What Python give you is more flexibility, at the expensive of exponentially more brittleness.
> SQL is common for ETL exactly because it’s not brittle,
SQL is common for ETL because typically at least one, sometimes both, ends of an ETL operation is an RDBMS for which SQL is the standard language. It has nothing to do with lack of brittleness.
I guess it's surprising then that both Hadoop/Hive and Spark, which were the originators of SQL for ETL, typically work on data lakes instead of RDBMSs. In fact, RDBMs support didn't come for a long time. The choice of SQL has nothing to do with RDBMs. It's because SQL is a declarative language that's easy to parse and convert into a physical query plan that can be parallelized and optimized extremely well. Why is that? Because it's not a general-purpose imperative loosely typed brittle language like Python.

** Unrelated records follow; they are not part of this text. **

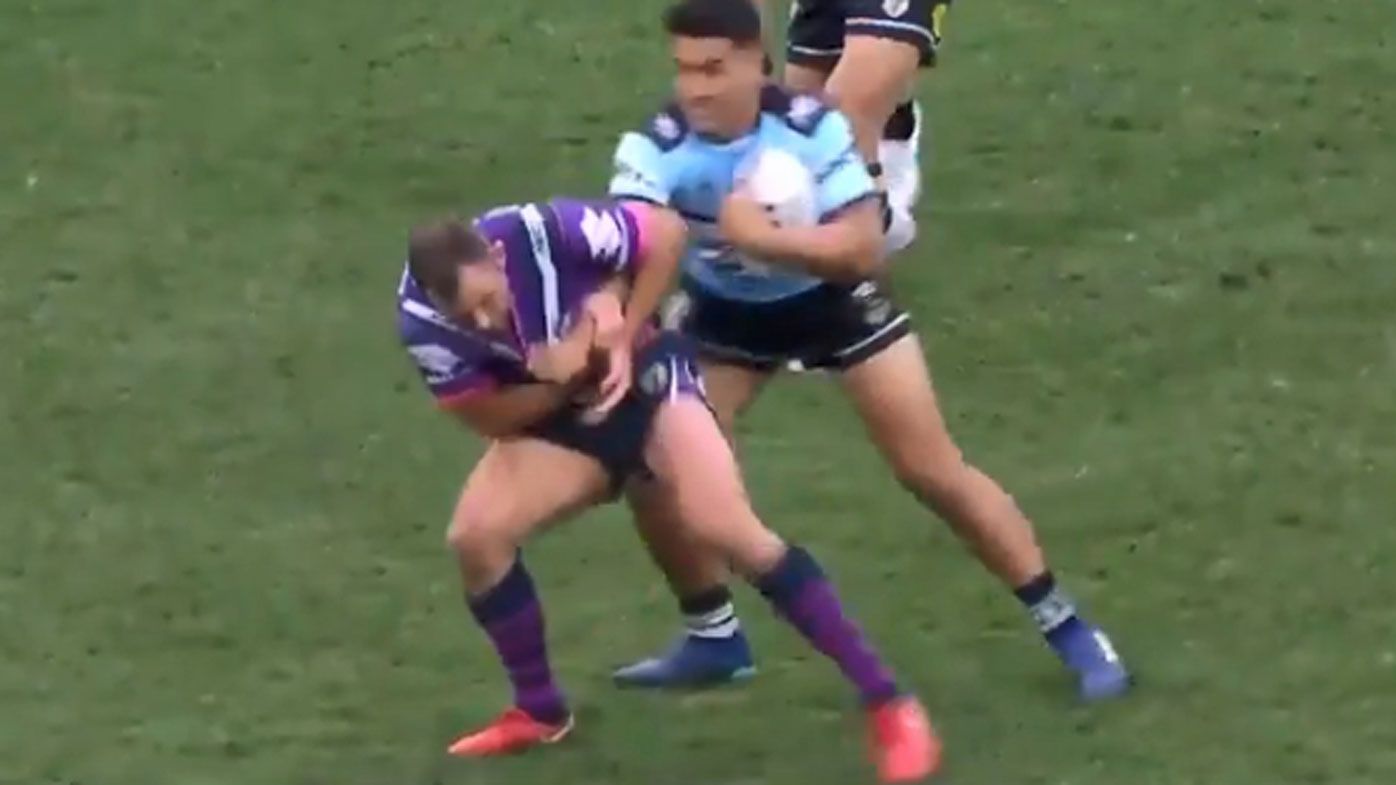 Cronulla Sharks captain Paul Gallen defends Melbourne Storm skipper Cameron Smith over chicken wing tackle 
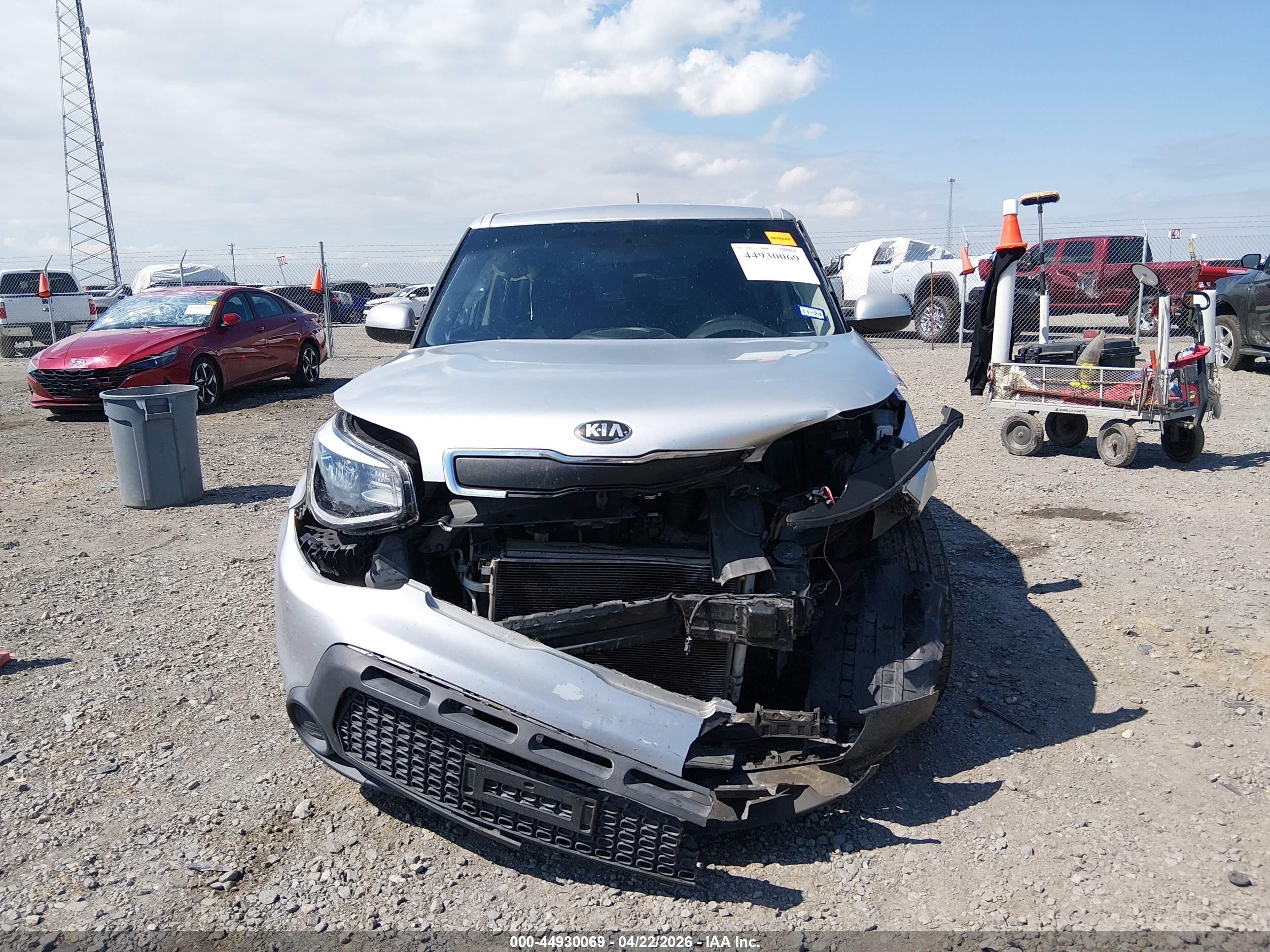 2014 Kia Soul   Silver vin: KNDJN2A29E7714175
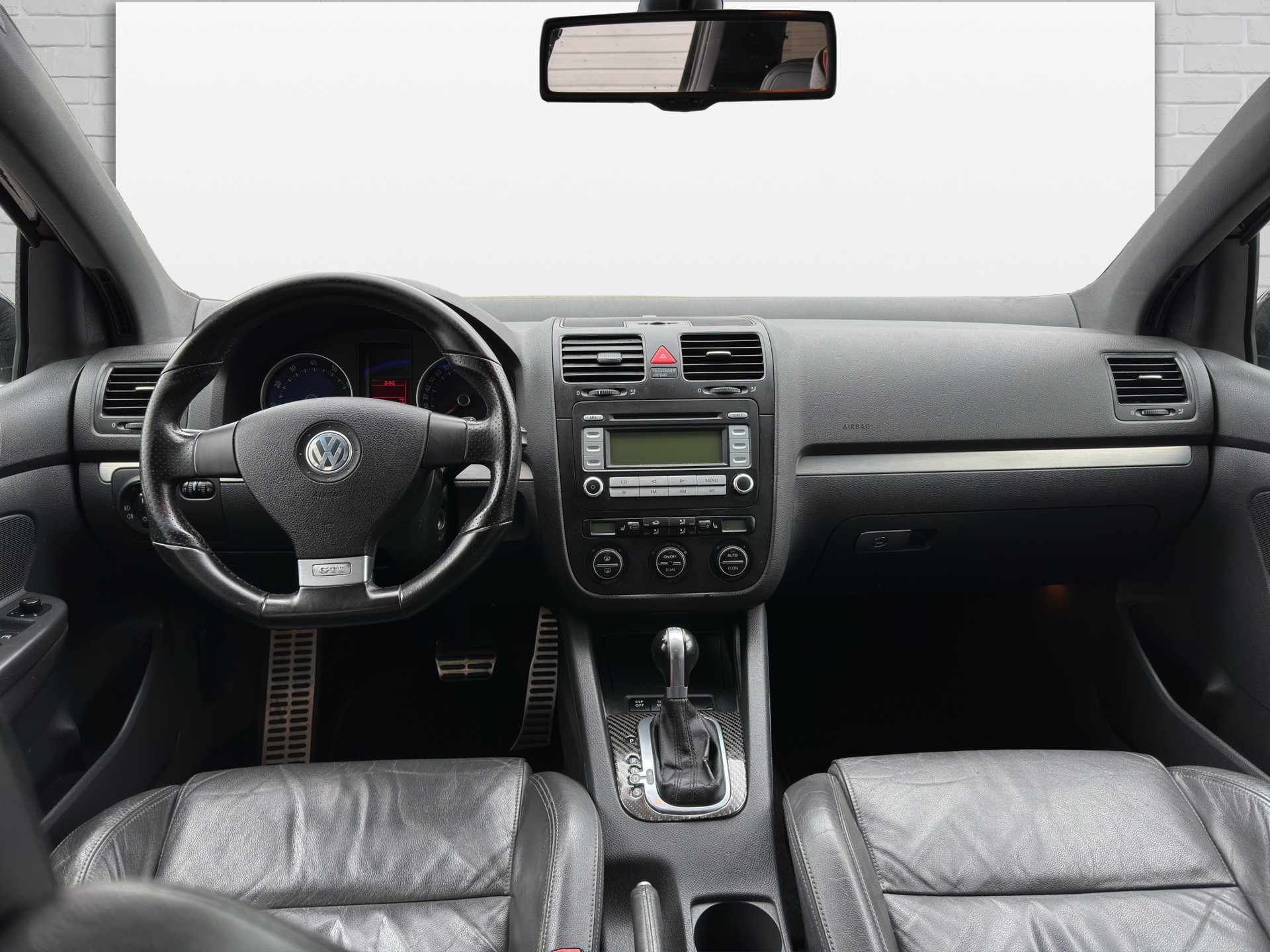 VW Golf 2.0 TFSI GTI DSG-image-8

> Hadoop/Hive and Spark, which were the originators of SQL for ETL
They weren’t.
I guarantee you, before either of those existed, when Data Warehousing was often done with a different version/configuration of the same brand of RDBMS as the transactional store (the latter likely using something closer to a normalized schema, the former using a star or snowflake schema), using SQL for ETL was absolutely normal.
Which is why newer data warehousing / data lake systems support SQL even though they aren’t RDBMSs: a couple decades of RDBMS dominance made it the JavaScript of data storage.
> Because it’s not a general-purpose imperative loosely typed brittle language like Python.
Its not general-purpose or imperative, its just as much “loosely typed” as Python (both Python and SQL are strongly typed.)
Its not clear what concrete meaning “brittle” is supposed to have in this claim, so I can’t evaluate its accuracy.
Definitely, I can jump into what we meant by brittle—we mainly meant that SQL scripts are hard to debug/undescriptive, you can't parametrize and customize error messages that you receive from transforms, and you can only execute one complete statement at a time that are often chained together with CTEs (which is a nightmare if its a statement of 400 lines of SQL). Python makes it easier to debug since we turn the approach from a declarative to a procedural one, and that's even the case with breakpoints when you write your actual transformers in Python.
What Python give you is more flexibility, at the expensive of exponentially more brittleness.